### INSTRUCTIONS FOR THE TASK
Even if a line seems odd, print it as it is, and include every record.

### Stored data
+-------+

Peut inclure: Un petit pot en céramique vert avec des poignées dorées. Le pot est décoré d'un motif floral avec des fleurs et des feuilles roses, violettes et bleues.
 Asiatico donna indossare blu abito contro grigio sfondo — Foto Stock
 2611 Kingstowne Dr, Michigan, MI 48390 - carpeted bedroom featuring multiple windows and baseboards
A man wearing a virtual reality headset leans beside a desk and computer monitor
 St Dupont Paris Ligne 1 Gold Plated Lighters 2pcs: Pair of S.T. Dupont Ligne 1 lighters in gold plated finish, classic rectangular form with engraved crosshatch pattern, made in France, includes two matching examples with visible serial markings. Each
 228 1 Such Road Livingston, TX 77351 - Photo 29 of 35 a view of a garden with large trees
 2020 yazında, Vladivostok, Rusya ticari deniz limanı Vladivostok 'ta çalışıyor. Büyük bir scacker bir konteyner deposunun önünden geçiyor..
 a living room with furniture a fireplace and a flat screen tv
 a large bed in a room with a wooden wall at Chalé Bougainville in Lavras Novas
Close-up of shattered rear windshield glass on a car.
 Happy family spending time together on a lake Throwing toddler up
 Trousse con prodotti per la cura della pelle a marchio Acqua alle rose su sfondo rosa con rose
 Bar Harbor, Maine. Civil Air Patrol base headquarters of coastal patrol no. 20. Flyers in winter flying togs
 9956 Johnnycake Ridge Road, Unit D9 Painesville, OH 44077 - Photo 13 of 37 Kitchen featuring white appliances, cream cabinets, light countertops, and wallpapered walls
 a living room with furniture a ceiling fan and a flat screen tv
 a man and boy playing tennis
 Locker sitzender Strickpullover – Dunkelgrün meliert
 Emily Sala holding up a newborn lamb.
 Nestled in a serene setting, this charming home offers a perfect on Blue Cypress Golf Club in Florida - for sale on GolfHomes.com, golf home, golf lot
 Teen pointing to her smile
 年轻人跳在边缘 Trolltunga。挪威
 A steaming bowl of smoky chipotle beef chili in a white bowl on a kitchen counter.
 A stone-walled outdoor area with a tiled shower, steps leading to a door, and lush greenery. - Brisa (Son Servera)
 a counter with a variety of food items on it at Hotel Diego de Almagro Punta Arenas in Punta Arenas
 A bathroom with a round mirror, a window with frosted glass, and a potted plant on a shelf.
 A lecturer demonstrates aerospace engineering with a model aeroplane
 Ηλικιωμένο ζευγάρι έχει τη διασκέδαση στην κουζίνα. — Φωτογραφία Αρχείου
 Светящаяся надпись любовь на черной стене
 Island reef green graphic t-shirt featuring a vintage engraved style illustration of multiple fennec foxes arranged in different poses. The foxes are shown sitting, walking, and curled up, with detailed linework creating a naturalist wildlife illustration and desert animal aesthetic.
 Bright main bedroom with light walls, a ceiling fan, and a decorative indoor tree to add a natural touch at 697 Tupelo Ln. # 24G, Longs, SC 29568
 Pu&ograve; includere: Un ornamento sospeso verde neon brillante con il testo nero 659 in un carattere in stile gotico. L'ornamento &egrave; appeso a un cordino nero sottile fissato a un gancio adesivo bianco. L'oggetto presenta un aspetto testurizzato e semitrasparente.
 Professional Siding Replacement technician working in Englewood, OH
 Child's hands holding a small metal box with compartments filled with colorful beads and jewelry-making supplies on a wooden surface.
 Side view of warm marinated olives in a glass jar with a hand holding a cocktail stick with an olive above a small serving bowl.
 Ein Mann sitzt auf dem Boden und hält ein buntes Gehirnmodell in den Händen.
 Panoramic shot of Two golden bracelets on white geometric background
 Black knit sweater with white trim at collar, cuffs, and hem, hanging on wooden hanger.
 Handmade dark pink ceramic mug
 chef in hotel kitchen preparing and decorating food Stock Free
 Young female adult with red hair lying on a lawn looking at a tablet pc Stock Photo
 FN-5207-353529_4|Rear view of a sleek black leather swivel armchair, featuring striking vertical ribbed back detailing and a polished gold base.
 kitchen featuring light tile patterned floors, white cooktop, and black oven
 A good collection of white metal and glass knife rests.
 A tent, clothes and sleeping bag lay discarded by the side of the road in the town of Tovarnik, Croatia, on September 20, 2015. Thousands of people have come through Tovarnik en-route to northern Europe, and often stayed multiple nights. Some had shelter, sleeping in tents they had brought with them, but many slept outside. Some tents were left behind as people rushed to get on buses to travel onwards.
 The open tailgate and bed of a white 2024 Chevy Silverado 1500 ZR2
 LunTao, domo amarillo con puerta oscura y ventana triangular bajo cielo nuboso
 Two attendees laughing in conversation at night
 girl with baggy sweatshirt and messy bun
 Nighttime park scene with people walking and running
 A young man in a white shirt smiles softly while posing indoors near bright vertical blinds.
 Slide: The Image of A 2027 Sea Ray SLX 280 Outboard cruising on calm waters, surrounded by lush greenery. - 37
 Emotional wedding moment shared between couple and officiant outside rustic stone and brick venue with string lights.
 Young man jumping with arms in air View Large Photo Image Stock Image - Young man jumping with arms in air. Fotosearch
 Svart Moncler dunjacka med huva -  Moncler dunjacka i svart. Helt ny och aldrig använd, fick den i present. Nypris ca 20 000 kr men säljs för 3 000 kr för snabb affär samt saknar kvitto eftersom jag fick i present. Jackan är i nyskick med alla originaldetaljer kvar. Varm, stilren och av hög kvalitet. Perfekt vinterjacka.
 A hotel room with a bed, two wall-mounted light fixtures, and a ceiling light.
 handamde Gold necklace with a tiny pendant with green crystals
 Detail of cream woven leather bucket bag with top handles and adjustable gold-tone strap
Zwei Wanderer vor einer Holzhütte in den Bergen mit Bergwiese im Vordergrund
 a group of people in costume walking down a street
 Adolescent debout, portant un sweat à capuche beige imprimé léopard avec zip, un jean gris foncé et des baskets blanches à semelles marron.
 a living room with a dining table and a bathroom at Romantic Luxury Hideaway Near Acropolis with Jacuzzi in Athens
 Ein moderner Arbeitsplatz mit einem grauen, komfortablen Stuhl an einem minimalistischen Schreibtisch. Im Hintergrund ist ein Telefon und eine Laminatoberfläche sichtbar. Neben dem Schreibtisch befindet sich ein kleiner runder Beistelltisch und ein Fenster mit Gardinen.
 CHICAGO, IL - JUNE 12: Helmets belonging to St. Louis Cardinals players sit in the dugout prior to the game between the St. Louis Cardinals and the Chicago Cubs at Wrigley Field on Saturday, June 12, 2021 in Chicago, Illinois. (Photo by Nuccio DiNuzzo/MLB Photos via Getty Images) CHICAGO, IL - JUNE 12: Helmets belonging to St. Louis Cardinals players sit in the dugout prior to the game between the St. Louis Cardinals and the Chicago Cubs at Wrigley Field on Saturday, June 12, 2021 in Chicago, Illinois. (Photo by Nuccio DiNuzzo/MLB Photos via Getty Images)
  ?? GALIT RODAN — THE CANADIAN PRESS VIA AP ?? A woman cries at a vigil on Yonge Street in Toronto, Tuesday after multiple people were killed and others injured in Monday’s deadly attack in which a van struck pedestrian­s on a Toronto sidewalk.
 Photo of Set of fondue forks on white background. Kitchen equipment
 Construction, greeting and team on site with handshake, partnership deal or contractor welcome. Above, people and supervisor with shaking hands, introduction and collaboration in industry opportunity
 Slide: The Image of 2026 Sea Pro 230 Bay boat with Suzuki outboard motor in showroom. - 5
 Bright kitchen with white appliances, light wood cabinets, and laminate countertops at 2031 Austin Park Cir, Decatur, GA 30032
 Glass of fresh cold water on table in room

+-------+

### SOLUTION FOR THIS EXERCISE
Peut inclure: Un petit pot en céramique vert avec des poignées dorées. Le pot est décoré d'un motif floral avec des fleurs et des feuilles roses, violettes et bleues.
 Asiatico donna indossare blu abito contro grigio sfondo — Foto Stock
 2611 Kingstowne Dr, Michigan, MI 48390 - carpeted bedroom featuring multiple windows and baseboards
A man wearing a virtual reality headset leans beside a desk and computer monitor
 St Dupont Paris Ligne 1 Gold Plated Lighters 2pcs: Pair of S.T. Dupont Ligne 1 lighters in gold plated finish, classic rectangular form with engraved crosshatch pattern, made in France, includes two matching examples with visible serial markings. Each
 228 1 Such Road Livingston, TX 77351 - Photo 29 of 35 a view of a garden with large trees
 2020 yazında, Vladivostok, Rusya ticari deniz limanı Vladivostok 'ta çalışıyor. Büyük bir scacker bir konteyner deposunun önünden geçiyor..
 a living room with furniture a fireplace and a flat screen tv
 a large bed in a room with a wooden wall at Chalé Bougainville in Lavras Novas
Close-up of shattered rear windshield glass on a car.
 Happy family spending time together on a lake Throwing toddler up
 Trousse con prodotti per la cura della pelle a marchio Acqua alle rose su sfondo rosa con rose
 Bar Harbor, Maine. Civil Air Patrol base headquarters of coastal patrol no. 20. Flyers in winter flying togs
 9956 Johnnycake Ridge Road, Unit D9 Painesville, OH 44077 - Photo 13 of 37 Kitchen featuring white appliances, cream cabinets, light countertops, and wallpapered walls
 a living room with furniture a ceiling fan and a flat screen tv
 a man and boy playing tennis
 Locker sitzender Strickpullover – Dunkelgrün meliert
 Emily Sala holding up a newborn lamb.
 Nestled in a serene setting, this charming home offers a perfect on Blue Cypress Golf Club in Florida - for sale on GolfHomes.com, golf home, golf lot
 Teen pointing to her smile
 年轻人跳在边缘 Trolltunga。挪威
 A steaming bowl of smoky chipotle beef chili in a white bowl on a kitchen counter.
 A stone-walled outdoor area with a tiled shower, steps leading to a door, and lush greenery. - Brisa (Son Servera)
 a counter with a variety of food items on it at Hotel Diego de Almagro Punta Arenas in Punta Arenas
 A bathroom with a round mirror, a window with frosted glass, and a potted plant on a shelf.
 A lecturer demonstrates aerospace engineering with a model aeroplane
 Ηλικιωμένο ζευγάρι έχει τη διασκέδαση στην κουζίνα. — Φωτογραφία Αρχείου
 Светящаяся надпись любовь на черной стене
 Island reef green graphic t-shirt featuring a vintage engraved style illustration of multiple fennec foxes arranged in different poses. The foxes are shown sitting, walking, and curled up, with detailed linework creating a naturalist wildlife illustration and desert animal aesthetic.
 Bright main bedroom with light walls, a ceiling fan, and a decorative indoor tree to add a natural touch at 697 Tupelo Ln. # 24G, Longs, SC 29568
 Pu&ograve; includere: Un ornamento sospeso verde neon brillante con il testo nero 659 in un carattere in stile gotico. L'ornamento &egrave; appeso a un cordino nero sottile fissato a un gancio adesivo bianco. L'oggetto presenta un aspetto testurizzato e semitrasparente.
 Professional Siding Replacement technician working in Englewood, OH
 Child's hands holding a small metal box with compartments filled with colorful beads and jewelry-making supplies on a wooden surface.
 Side view of warm marinated olives in a glass jar with a hand holding a cocktail stick with an olive above a small serving bowl.
 Ein Mann sitzt auf dem Boden und hält ein buntes Gehirnmodell in den Händen.
 Panoramic shot of Two golden bracelets on white geometric background
 Black knit sweater with white trim at collar, cuffs, and hem, hanging on wooden hanger.
 Handmade dark pink ceramic mug
 chef in hotel kitchen preparing and decorating food Stock Free
 Young female adult with red hair lying on a lawn looking at a tablet pc Stock Photo
 FN-5207-353529_4|Rear view of a sleek black leather swivel armchair, featuring striking vertical ribbed back detailing and a polished gold base.
 kitchen featuring light tile patterned floors, white cooktop, and black oven
 A good collection of white metal and glass knife rests.
 A tent, clothes and sleeping bag lay discarded by the side of the road in the town of Tovarnik, Croatia, on September 20, 2015. Thousands of people have come through Tovarnik en-route to northern Europe, and often stayed multiple nights. Some had shelter, sleeping in tents they had brought with them, but many slept outside. Some tents were left behind as people rushed to get on buses to travel onwards.
 The open tailgate and bed of a white 2024 Chevy Silverado 1500 ZR2
 LunTao, domo amarillo con puerta oscura y ventana triangular bajo cielo nuboso
 Two attendees laughing in conversation at night
 girl with baggy sweatshirt and messy bun
 Nighttime park scene with people walking and running
 A young man in a white shirt smiles softly while posing indoors near bright vertical blinds.
 Slide: The Image of A 2027 Sea Ray SLX 280 Outboard cruising on calm waters, surrounded by lush greenery. - 37
 Emotional wedding moment shared between couple and officiant outside rustic stone and brick venue with string lights.
 Young man jumping with arms in air View Large Photo Image Stock Image - Young man jumping with arms in air. Fotosearch
 Svart Moncler dunjacka med huva -  Moncler dunjacka i svart. Helt ny och aldrig använd, fick den i present. Nypris ca 20 000 kr men säljs för 3 000 kr för snabb affär samt saknar kvitto eftersom jag fick i present. Jackan är i nyskick med alla originaldetaljer kvar. Varm, stilren och av hög kvalitet. Perfekt vinterjacka.
 A hotel room with a bed, two wall-mounted light fixtures, and a ceiling light.
 handamde Gold necklace with a tiny pendant with green crystals
 Detail of cream woven leather bucket bag with top handles and adjustable gold-tone strap
Zwei Wanderer vor einer Holzhütte in den Bergen mit Bergwiese im Vordergrund
 a group of people in costume walking down a street
 Adolescent debout, portant un sweat à capuche beige imprimé léopard avec zip, un jean gris foncé et des baskets blanches à semelles marron.
 a living room with a dining table and a bathroom at Romantic Luxury Hideaway Near Acropolis with Jacuzzi in Athens
 Ein moderner Arbeitsplatz mit einem grauen, komfortablen Stuhl an einem minimalistischen Schreibtisch. Im Hintergrund ist ein Telefon und eine Laminatoberfläche sichtbar. Neben dem Schreibtisch befindet sich ein kleiner runder Beistelltisch und ein Fenster mit Gardinen.
 CHICAGO, IL - JUNE 12: Helmets belonging to St. Louis Cardinals players sit in the dugout prior to the game between the St. Louis Cardinals and the Chicago Cubs at Wrigley Field on Saturday, June 12, 2021 in Chicago, Illinois. (Photo by Nuccio DiNuzzo/MLB Photos via Getty Images) CHICAGO, IL - JUNE 12: Helmets belonging to St. Louis Cardinals players sit in the dugout prior to the game between the St. Louis Cardinals and the Chicago Cubs at Wrigley Field on Saturday, June 12, 2021 in Chicago, Illinois. (Photo by Nuccio DiNuzzo/MLB Photos via Getty Images)
  ?? GALIT RODAN — THE CANADIAN PRESS VIA AP ?? A woman cries at a vigil on Yonge Street in Toronto, Tuesday after multiple people were killed and others injured in Monday’s deadly attack in which a van struck pedestrian­s on a Toronto sidewalk.
 Photo of Set of fondue forks on white background. Kitchen equipment
 Construction, greeting and team on site with handshake, partnership deal or contractor welcome. Above, people and supervisor with shaking hands, introduction and collaboration in industry opportunity
 Slide: The Image of 2026 Sea Pro 230 Bay boat with Suzuki outboard motor in showroom. - 5
 Bright kitchen with white appliances, light wood cabinets, and laminate countertops at 2031 Austin Park Cir, Decatur, GA 30032
 Glass of fresh cold water on table in room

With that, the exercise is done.